Thank you also for sticking with us whilst we undertook this review and refresh of our Association to improve our offering for this and the next generation of higher education professionals. Our active members help run networks and special interest groups that bring colleagues together from across the sector to grapple with common challenges and to share practice and ideas, benefitting the whole community. We are excited to see the launch of some new special interest groups in the new year and will be showcasing them at the annual conference in March. We all benefit from everyone attending the conference and other events with enthusiasm and a commitment to professional development, ensuring that all delegates can draw on and share expertise through thoughtful and thought-provoking sessions. And finally, thank you for spreading the word through your professional networks and via LinkedIn to ensure that we truly represent the breadth and diversity of our sector, and of all our institutions.

Is this normal?

Back in 2020, the phrase ‘new normal’ became ubiquitous, to describe ‘unprecedented’ (yes, that word too) experiences we had to get used to as our daily reality. In a time of unkempt locks and some quite remarkable facial hair, elasticated waistbands and ‘next slide please’, we shifted our understanding of work and its relationship with the rest of our lives. We re-evaluated our priorities and brought a greater humanity into the workplace and our relationships with colleagues.  This shift in our perspectives has not been entirely lost in subsequent years, but I think our continuing experience of handling disruption, uncertainty and the unexpected over a prolonged period of time has meant that we have grown a new set of skills in response to the perma-crisis we seem to inhabit. Colleagues across higher education have expanded our professional repertoire of things we never thought we’d have to deal with but did anyway.  But it’s exhausting, and we do need to find ways to recharge and regroup from time to time, and remind ourselves that this isn’t normal – or is it?!
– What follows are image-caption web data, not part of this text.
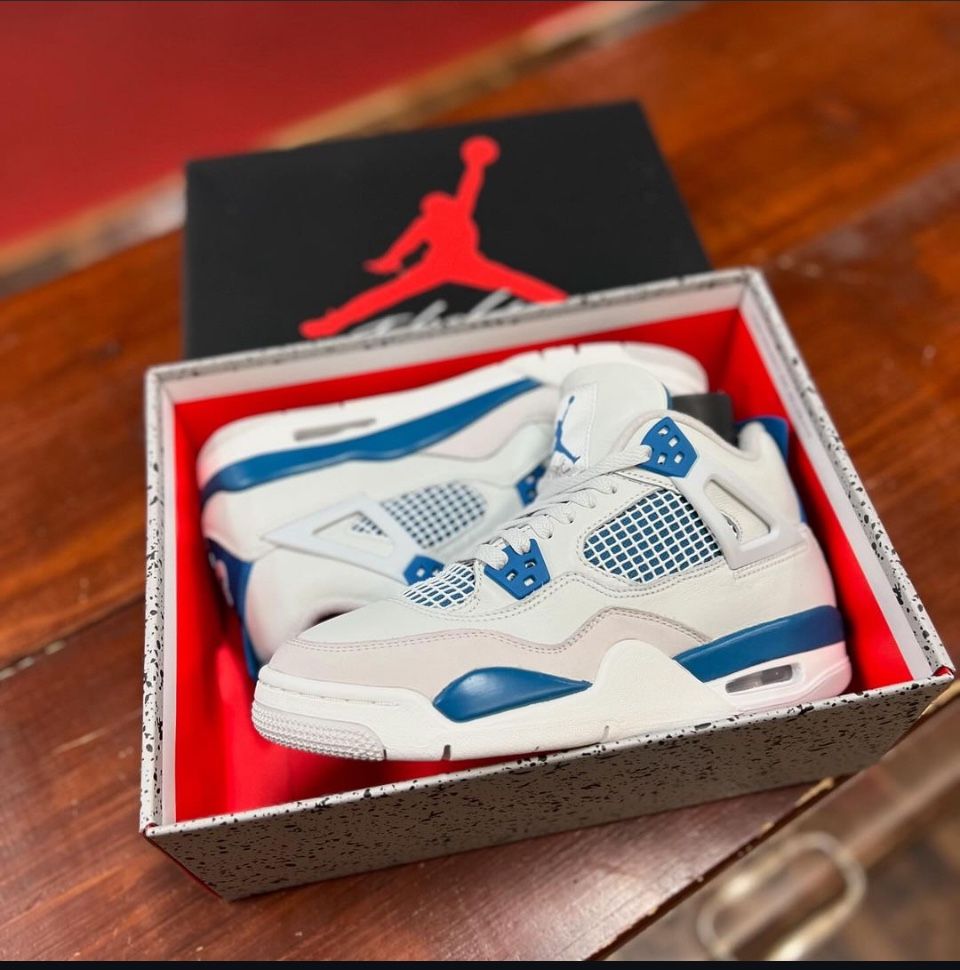 Jordan 4s white and blue brand new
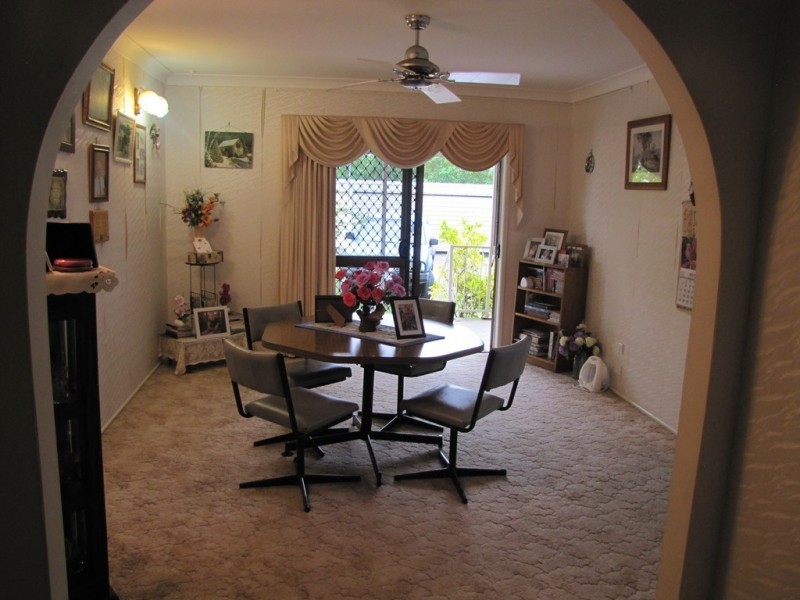 12 Balfour Street, Mount Larcom QLD 4695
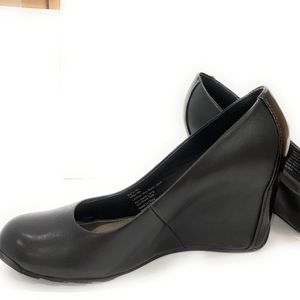 Excellent Condition - Kenneth Cole reaction wedges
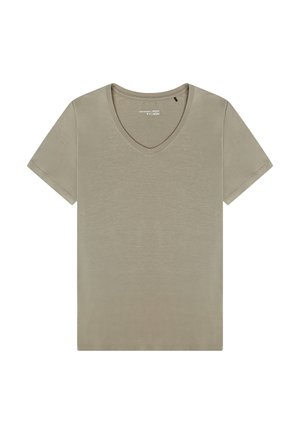 Hellbraunes Kurzarm-V-Ausschnitt-T-Shirt mit genähten Säumen, flach auf weißem Hintergrund ausgebreitet.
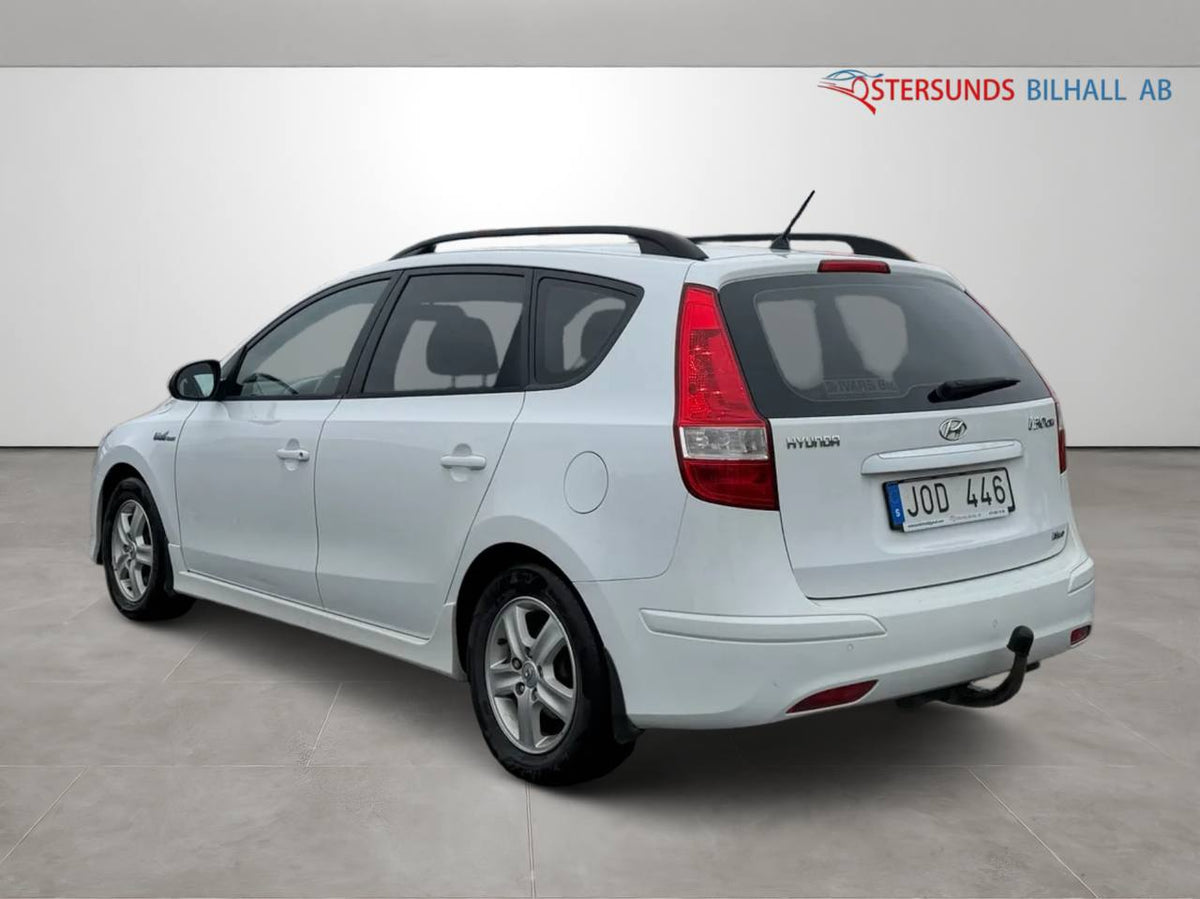Hyundai i30 cw 1.6 CRDi Business Euro 5 M-värm SoV Fullt servad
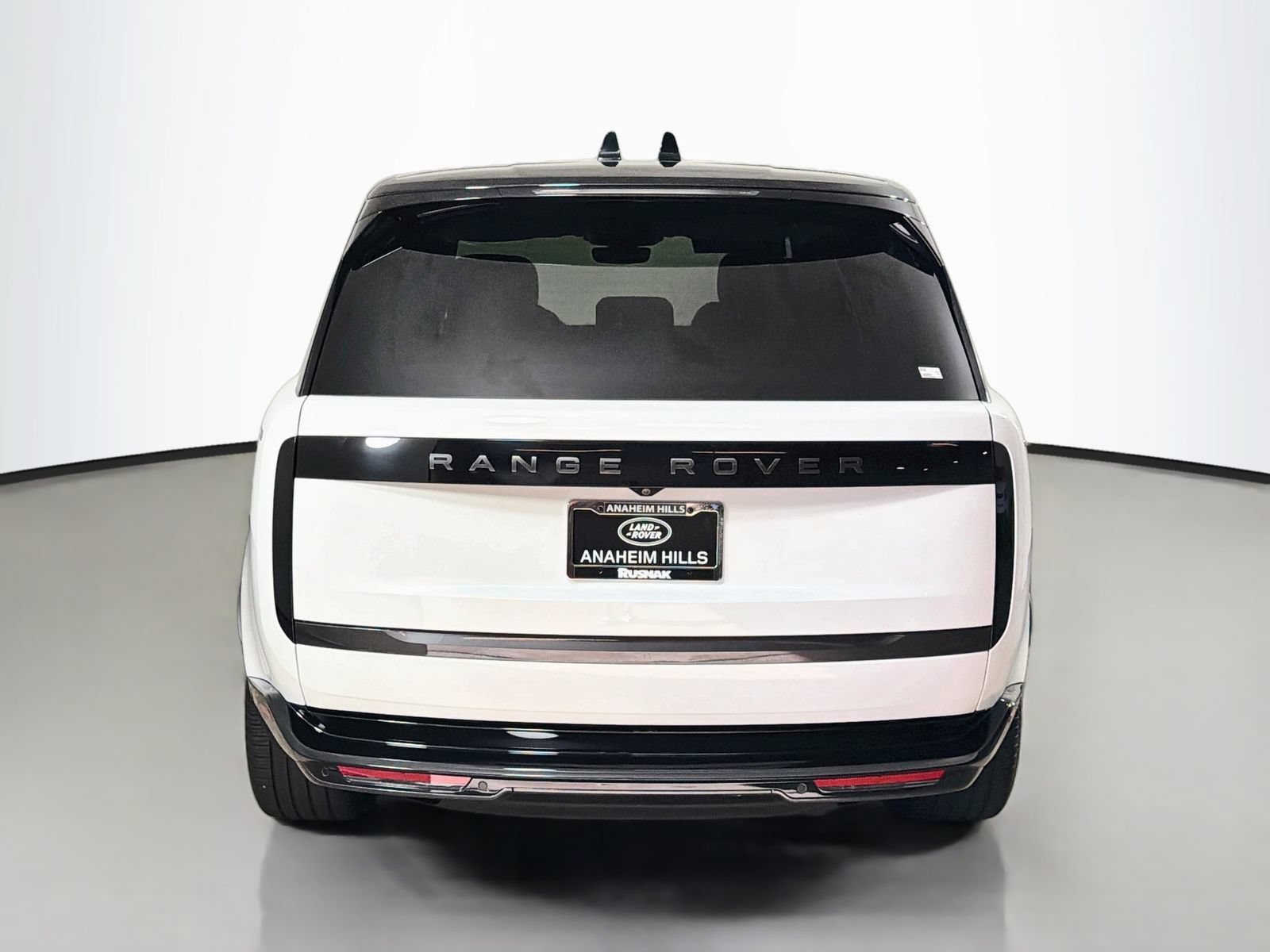 Certified 2025 Land Rover Range Rover SE AWD/4WD image 4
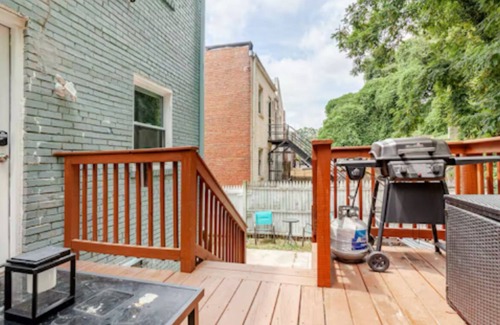 Washington House | Stylish 3BR Townhouse w/Backyard,and Easy Parking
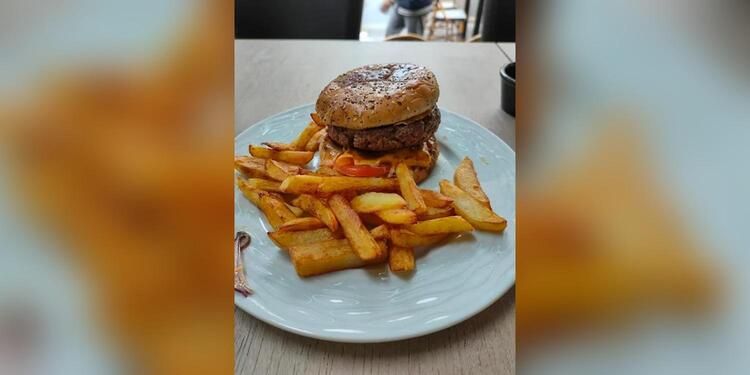 M101 Bar Brasserie, bar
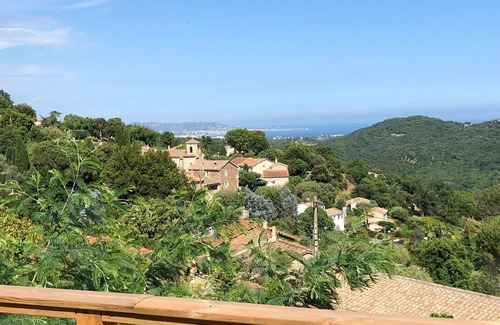 Les Adrets-de-l'Esterel Villa | Villa with large terrace overlooking the bay of Cannes and the Esterel mountains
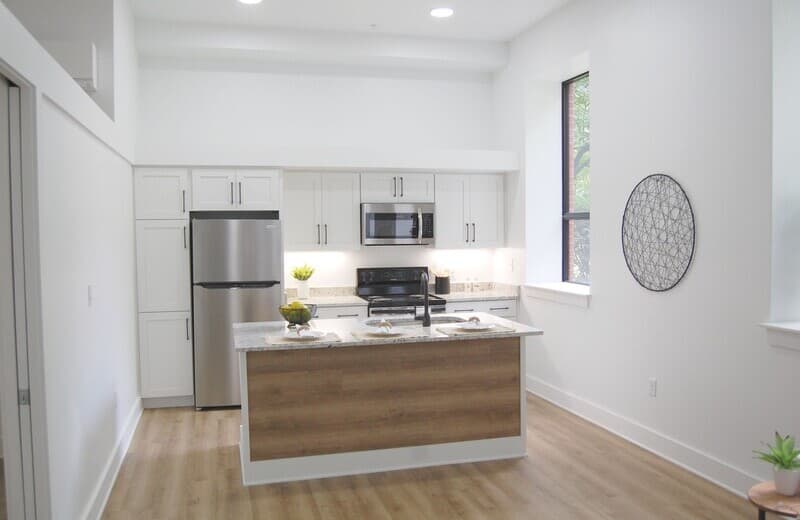 101 Avon Street Apartments 07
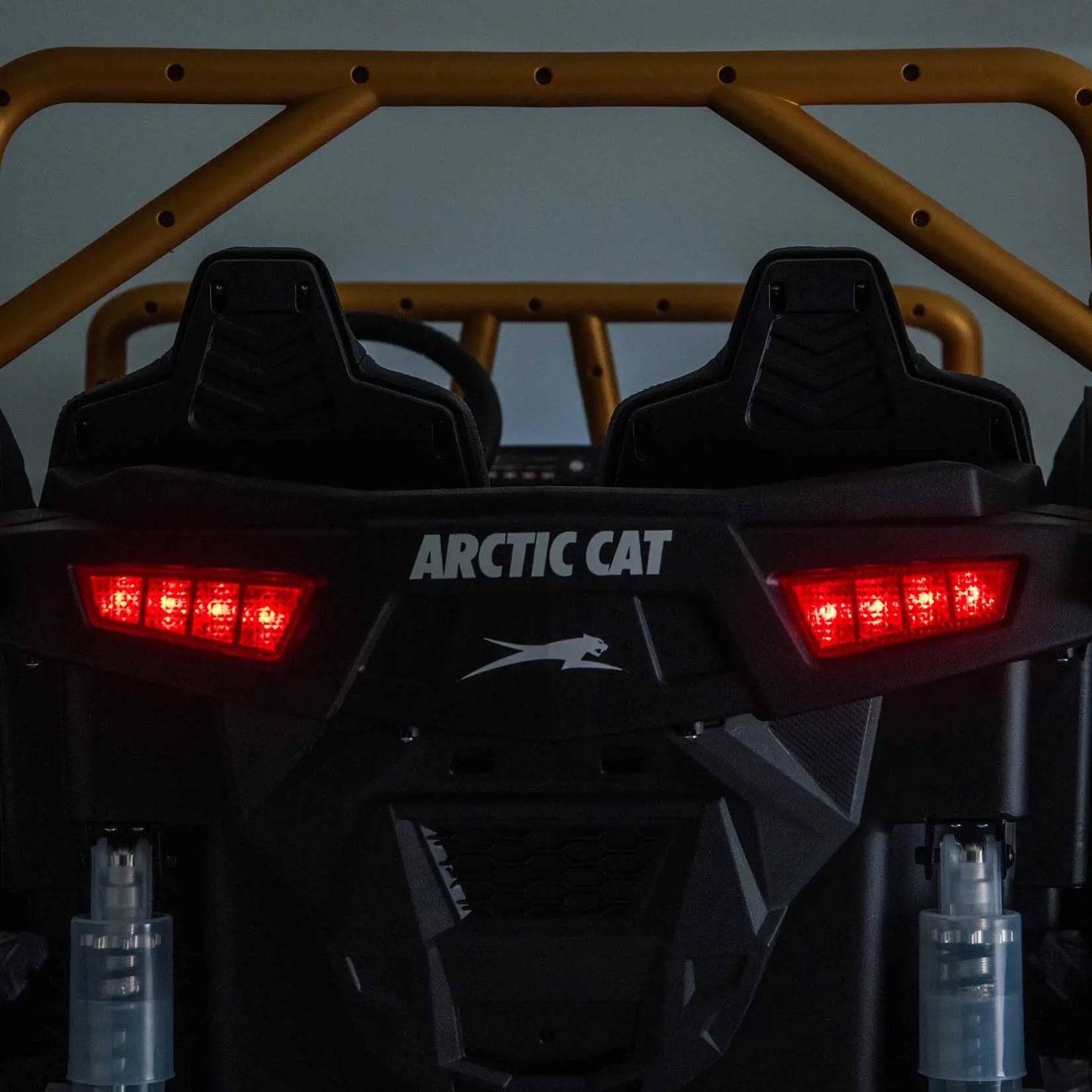 Arctic Cat XL 24V 4WD Kids Ride-On UTV with R/C Parental Remote | White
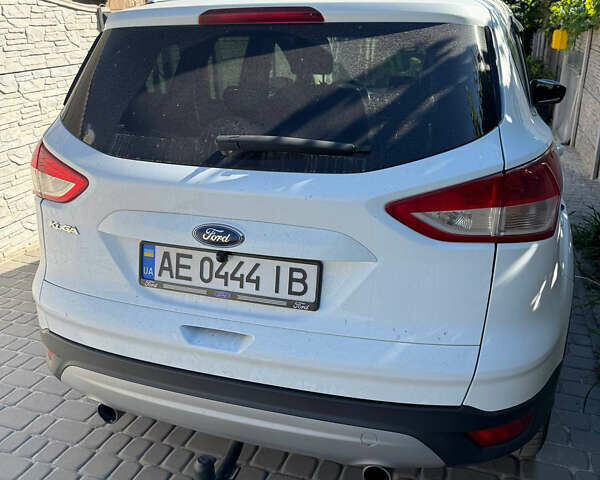 Білий Форд Куга, об'ємом двигуна 2 л та пробігом 182 тис. км за 15000 $, фото 5 на Automoto.ua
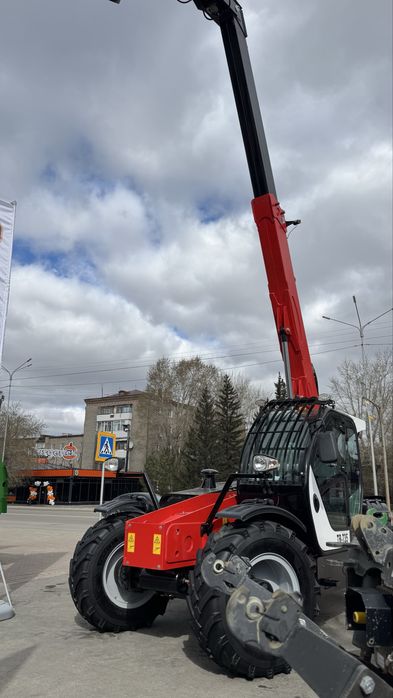 Телескопический погрузчик Bison TR-735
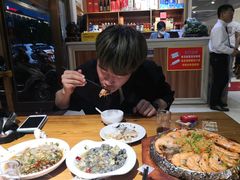 -大家发海鲜城夜排档(华山中路店)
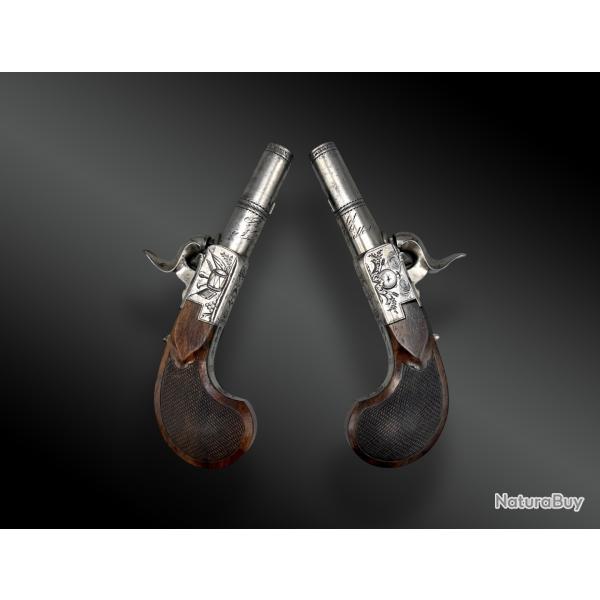 PAIRE DE PISTOLETS � COFFRE, PAR BOUTET & FILS � VERSAILLES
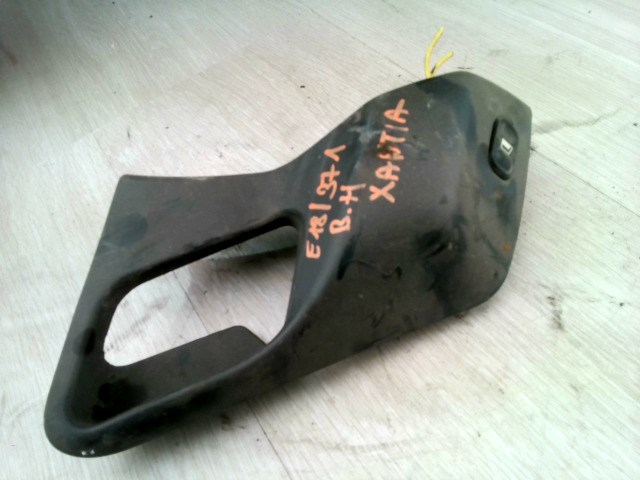 CITROEN XANTIA Bal hátsó ablakemelő kapcsoló 1. kép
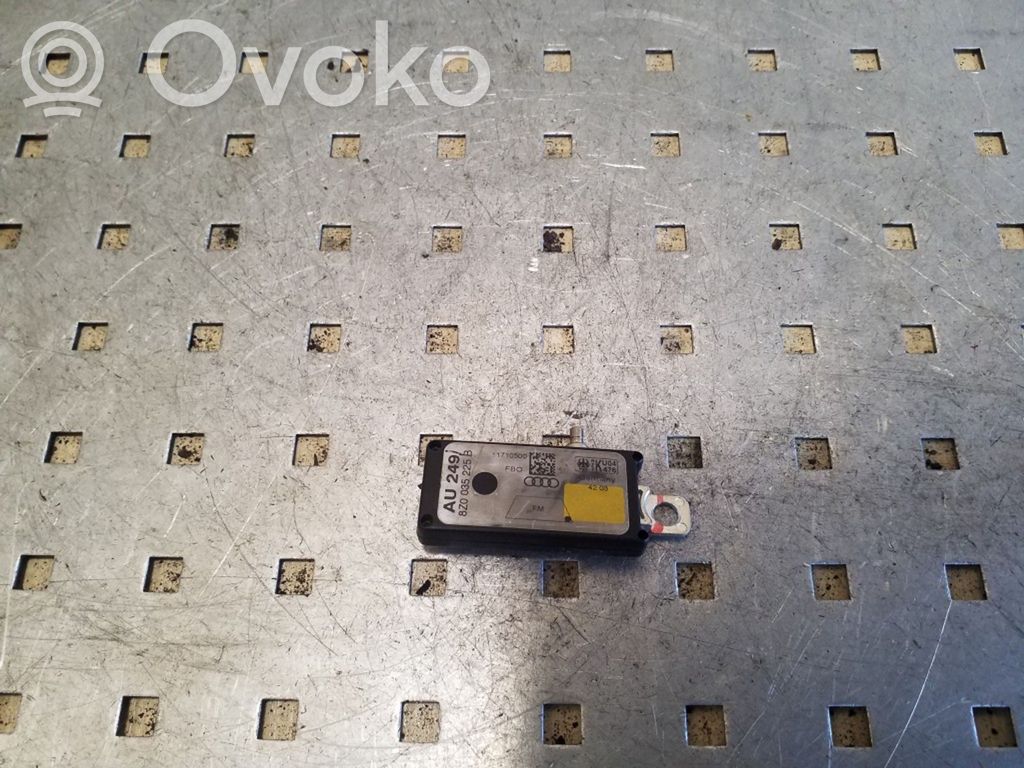 Audi A2 Antenos stiprintuvas 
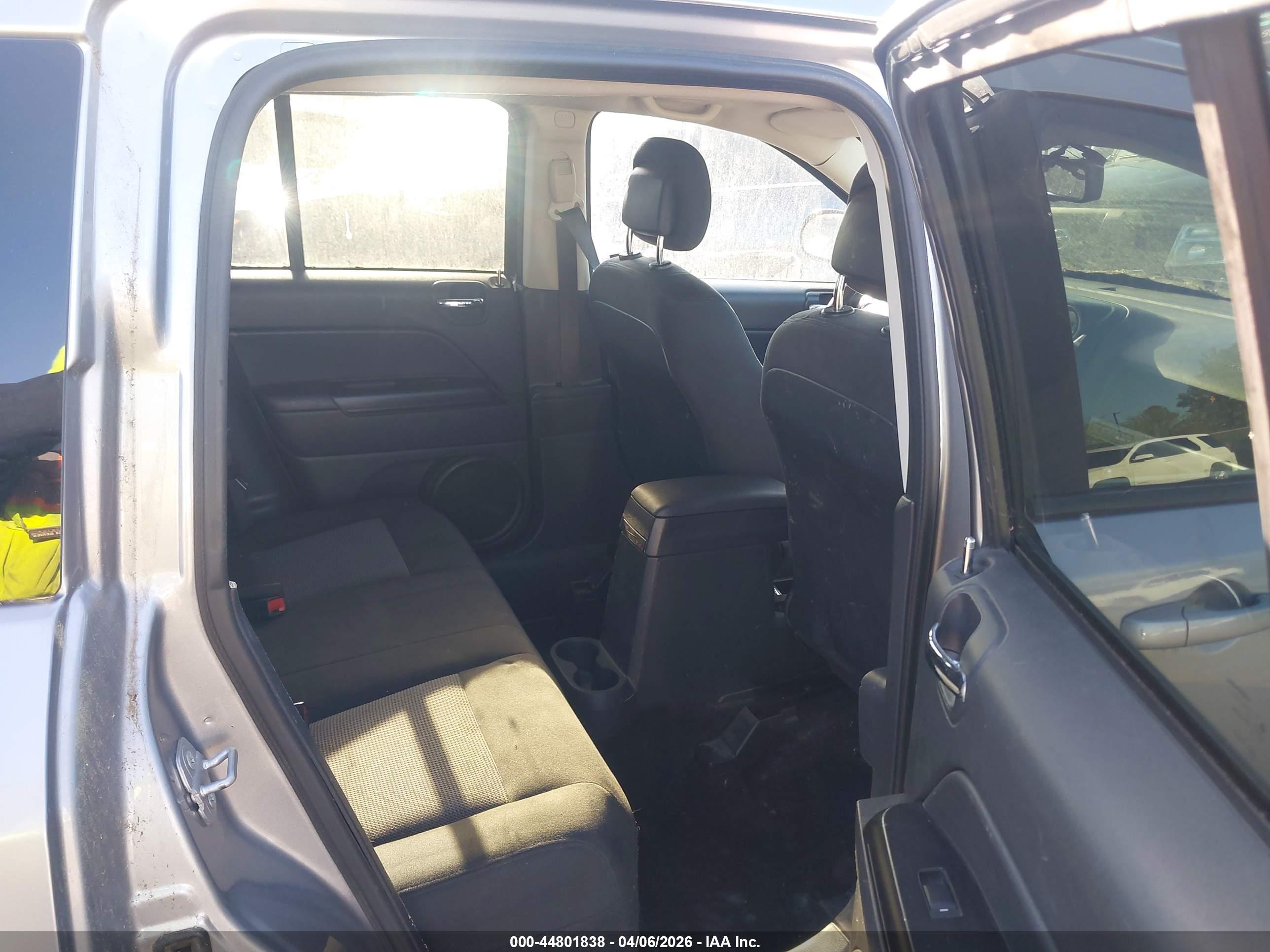 JEEP COMPASS image 8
I never got used to wearing a face mask and vowed I would never view this as normal attire.  Are there elements of our new working lives we should resist normalising? Seepage of work into home-life is one thing I’m alert to, but I’m sure there are many other things we could list.  And even when we do integrate and assimilate our hard-won skills and new practices, let’s not take them for granted but celebrate our ability to evolve our professional practice and to learn some new tricks. During the festive season, let’s have a well-earned rest so we can face whatever the new year throws at us with the innovation, team spirit, professionalism and good humour that we Higher Education Professionals are known for.